### INPUT RECORDS:
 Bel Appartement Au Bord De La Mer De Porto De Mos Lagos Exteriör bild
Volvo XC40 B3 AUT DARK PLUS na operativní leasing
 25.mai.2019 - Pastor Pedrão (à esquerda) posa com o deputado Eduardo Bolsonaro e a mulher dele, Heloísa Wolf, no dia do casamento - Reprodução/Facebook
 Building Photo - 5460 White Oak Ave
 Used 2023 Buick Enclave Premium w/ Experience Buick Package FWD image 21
==
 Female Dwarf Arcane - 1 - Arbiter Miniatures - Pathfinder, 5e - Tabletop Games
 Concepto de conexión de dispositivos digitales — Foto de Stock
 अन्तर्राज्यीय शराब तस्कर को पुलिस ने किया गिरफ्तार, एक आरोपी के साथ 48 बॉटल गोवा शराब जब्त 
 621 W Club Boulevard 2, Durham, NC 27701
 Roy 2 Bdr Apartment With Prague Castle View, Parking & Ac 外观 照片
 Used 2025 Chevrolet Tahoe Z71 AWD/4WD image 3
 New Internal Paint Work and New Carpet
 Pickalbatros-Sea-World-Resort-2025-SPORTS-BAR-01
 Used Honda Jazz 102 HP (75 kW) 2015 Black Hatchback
==
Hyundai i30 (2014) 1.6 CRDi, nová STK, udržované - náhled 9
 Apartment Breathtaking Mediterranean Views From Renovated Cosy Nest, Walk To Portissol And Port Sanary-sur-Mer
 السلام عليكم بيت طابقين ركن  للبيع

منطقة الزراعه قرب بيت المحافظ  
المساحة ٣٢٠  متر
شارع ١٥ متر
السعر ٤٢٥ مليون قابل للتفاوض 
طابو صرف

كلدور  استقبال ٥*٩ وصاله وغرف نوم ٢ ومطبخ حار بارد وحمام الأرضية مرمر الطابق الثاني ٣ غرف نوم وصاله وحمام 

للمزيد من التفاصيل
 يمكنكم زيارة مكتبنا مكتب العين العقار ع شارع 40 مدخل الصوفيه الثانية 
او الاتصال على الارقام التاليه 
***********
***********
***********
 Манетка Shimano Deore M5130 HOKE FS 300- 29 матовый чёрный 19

### EXERCISE PROMPT:
Quote the data above from the line containing "Concepto de conexión" to the line containing "Used Honda Jazz", inclusive, and stop.

### EXPECTED ANSWER:
 Concepto de conexión de dispositivos digitales — Foto de Stock
 अन्तर्राज्यीय शराब तस्कर को पुलिस ने किया गिरफ्तार, एक आरोपी के साथ 48 बॉटल गोवा शराब जब्त 
 621 W Club Boulevard 2, Durham, NC 27701
 Roy 2 Bdr Apartment With Prague Castle View, Parking & Ac 外观 照片
 Used 2025 Chevrolet Tahoe Z71 AWD/4WD image 3
 New Internal Paint Work and New Carpet
 Pickalbatros-Sea-World-Resort-2025-SPORTS-BAR-01
 Used Honda Jazz 102 HP (75 kW) 2015 Black Hatchback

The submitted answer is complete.